# Water Updates



## CautioN1919 (Jun 17, 2005)

Ammonia: 0
Nitrate: 0 
Nitrite: 5

I added 2 goldfish like 4 days ago and they died in the first day but this is the first time ive been able to check. My nitrite is the only high one does this mean it is spiking or what ?


----------



## doctorvtec (May 15, 2004)

CautioN1919 said:


> Ammonia: 0
> Nitrate: 0
> Nitrite: 5
> 
> ...


Aren't you fishless cycling? If so why are you adding goldfish to the tank?


----------



## mashunter18 (Jan 2, 2004)

Looks like it is getting there, you cycling a tank???


----------



## CautioN1919 (Jun 17, 2005)

Aren't you fishless cycling? If so why are you adding goldfish to the tank?
[snapback]1151083[/snapback]​[/quote]

I added them because i was going to use them as feeders for my Gold P and i went to the LFS to pick something else up so i just grab'd them while i was there


----------



## doctorvtec (May 15, 2004)

CautioN1919 said:


> I added them because i was going to use them as feeders for my Gold P and i went to the LFS to pick something else up so i just grab'd them while i was there
> [snapback]1151314[/snapback]​


You shouldn''t keep fish in a tank with that much nitrite in it. One it's too high of nitrite, and two, it kinda defeats some of the purpose of fishless cycling.

Besides, you should be quaratining feeders before use.


----------



## CautioN1919 (Jun 17, 2005)

yeah im going to be breeding convicts for feeders since its so easy...but is my nitrite spiking since its so high ?


----------



## doctorvtec (May 15, 2004)

CautioN1919 said:


> yeah im going to be breeding convicts for feeders since its so easy...but is my nitrite spiking since its so high ?
> [snapback]1151777[/snapback]​


You will know it has peaked, when it starts to decline. That is the time to cut your ammonia in half.

Good luck


----------



## CautioN1919 (Jun 17, 2005)

*Thursday at 7:50*
Ammonia: 1ish
Nitrite: 5 if not higher
Nitrate: 20 if not higher

---- Think I'm ready for the big water change? ----


----------



## doctorvtec (May 15, 2004)

CautioN1919 said:


> *Thursday at 7:50*
> Ammonia: 1ish
> Nitrite: 5 if not higher
> Nitrate: 20 if not higher
> ...


Big water change? The only big water change you do is when your cycle is over, and you are not there yet.

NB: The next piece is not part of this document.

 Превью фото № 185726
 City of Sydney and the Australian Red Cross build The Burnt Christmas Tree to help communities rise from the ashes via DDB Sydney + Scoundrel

You are cycled when your ammonia and nitrite are at 0, and your nitrates are high.


----------



## CautioN1919 (Jun 17, 2005)

New results again:

Ammonia: 0
Nitrite: 5
Nitrate: between 40 & 80


----------



## doctorvtec (May 15, 2004)

CautioN1919 said:


> New results again:
> 
> Ammonia: 0
> Nitrite: 5
> ...


Continue with what you are doing. Seems like nitrite MAY have peaked. If it drops cut your daily ammonia dosage in half.

You are doing great.


----------



## CautioN1919 (Jun 17, 2005)

Another update..

Ammonia: 0
Nitrite: .025
Nitrate: 40


----------



## doctorvtec (May 15, 2004)

Looking good.


----------



## CautioN1919 (Jun 17, 2005)

how long do you think it will take the nitrite to hit 0?


----------



## doctorvtec (May 15, 2004)

Should be soon, your numbers are looking good.


----------



## CautioN1919 (Jun 17, 2005)

yeah it finished today and the fish is coming tomorrow...will post pics when i get him


----------